● **WORK ORDER**
Each line below should be repeated exactly as it stands.
---------- TASK DATA ----------
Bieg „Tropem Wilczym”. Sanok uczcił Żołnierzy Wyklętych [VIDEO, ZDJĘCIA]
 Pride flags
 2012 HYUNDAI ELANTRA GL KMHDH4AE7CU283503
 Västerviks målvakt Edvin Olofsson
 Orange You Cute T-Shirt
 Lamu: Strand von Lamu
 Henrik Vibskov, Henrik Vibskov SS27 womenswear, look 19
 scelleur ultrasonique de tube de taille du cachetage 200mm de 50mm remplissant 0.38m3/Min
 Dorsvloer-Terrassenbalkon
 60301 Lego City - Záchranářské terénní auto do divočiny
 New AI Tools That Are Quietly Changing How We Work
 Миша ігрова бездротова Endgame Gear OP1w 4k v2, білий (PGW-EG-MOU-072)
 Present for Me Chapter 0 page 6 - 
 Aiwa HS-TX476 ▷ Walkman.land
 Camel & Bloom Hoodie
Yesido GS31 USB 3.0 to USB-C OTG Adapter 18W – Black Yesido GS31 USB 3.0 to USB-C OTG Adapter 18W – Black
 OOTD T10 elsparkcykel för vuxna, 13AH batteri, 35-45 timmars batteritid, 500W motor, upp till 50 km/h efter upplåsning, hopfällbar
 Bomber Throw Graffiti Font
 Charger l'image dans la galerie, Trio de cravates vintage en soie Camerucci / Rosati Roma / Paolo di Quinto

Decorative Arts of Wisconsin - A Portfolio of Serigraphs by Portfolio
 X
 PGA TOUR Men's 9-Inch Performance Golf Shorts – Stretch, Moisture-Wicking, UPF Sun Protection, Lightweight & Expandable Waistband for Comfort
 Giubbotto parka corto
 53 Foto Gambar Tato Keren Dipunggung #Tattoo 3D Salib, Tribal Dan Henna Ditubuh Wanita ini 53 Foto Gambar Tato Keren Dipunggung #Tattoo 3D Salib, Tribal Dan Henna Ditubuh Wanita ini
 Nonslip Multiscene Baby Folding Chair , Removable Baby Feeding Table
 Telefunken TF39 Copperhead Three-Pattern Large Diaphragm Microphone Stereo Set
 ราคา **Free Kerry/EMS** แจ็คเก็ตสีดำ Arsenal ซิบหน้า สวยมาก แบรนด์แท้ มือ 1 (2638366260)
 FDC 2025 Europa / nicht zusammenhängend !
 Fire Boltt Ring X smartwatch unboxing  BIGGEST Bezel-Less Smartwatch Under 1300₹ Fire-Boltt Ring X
----------
● **EXERCISE SOLUTION**
Bieg „Tropem Wilczym”. Sanok uczcił Żołnierzy Wyklętych [VIDEO, ZDJĘCIA]
 Pride flags
 2012 HYUNDAI ELANTRA GL KMHDH4AE7CU283503
 Västerviks målvakt Edvin Olofsson
 Orange You Cute T-Shirt
 Lamu: Strand von Lamu
 Henrik Vibskov, Henrik Vibskov SS27 womenswear, look 19
 scelleur ultrasonique de tube de taille du cachetage 200mm de 50mm remplissant 0.38m3/Min
 Dorsvloer-Terrassenbalkon
 60301 Lego City - Záchranářské terénní auto do divočiny
 New AI Tools That Are Quietly Changing How We Work
 Миша ігрова бездротова Endgame Gear OP1w 4k v2, білий (PGW-EG-MOU-072)
 Present for Me Chapter 0 page 6 - 
 Aiwa HS-TX476 ▷ Walkman.land
 Camel & Bloom Hoodie
Yesido GS31 USB 3.0 to USB-C OTG Adapter 18W – Black Yesido GS31 USB 3.0 to USB-C OTG Adapter 18W – Black
 OOTD T10 elsparkcykel för vuxna, 13AH batteri, 35-45 timmars batteritid, 500W motor, upp till 50 km/h efter upplåsning, hopfällbar
 Bomber Throw Graffiti Font
 Charger l'image dans la galerie, Trio de cravates vintage en soie Camerucci / Rosati Roma / Paolo di Quinto

Decorative Arts of Wisconsin - A Portfolio of Serigraphs by Portfolio
 X
 PGA TOUR Men's 9-Inch Performance Golf Shorts – Stretch, Moisture-Wicking, UPF Sun Protection, Lightweight & Expandable Waistband for Comfort
 Giubbotto parka corto
 53 Foto Gambar Tato Keren Dipunggung #Tattoo 3D Salib, Tribal Dan Henna Ditubuh Wanita ini 53 Foto Gambar Tato Keren Dipunggung #Tattoo 3D Salib, Tribal Dan Henna Ditubuh Wanita ini
 Nonslip Multiscene Baby Folding Chair , Removable Baby Feeding Table
 Telefunken TF39 Copperhead Three-Pattern Large Diaphragm Microphone Stereo Set
 ราคา **Free Kerry/EMS** แจ็คเก็ตสีดำ Arsenal ซิบหน้า สวยมาก แบรนด์แท้ มือ 1 (2638366260)
 FDC 2025 Europa / nicht zusammenhängend !
 Fire Boltt Ring X smartwatch unboxing  BIGGEST Bezel-Less Smartwatch Under 1300₹ Fire-Boltt Ring X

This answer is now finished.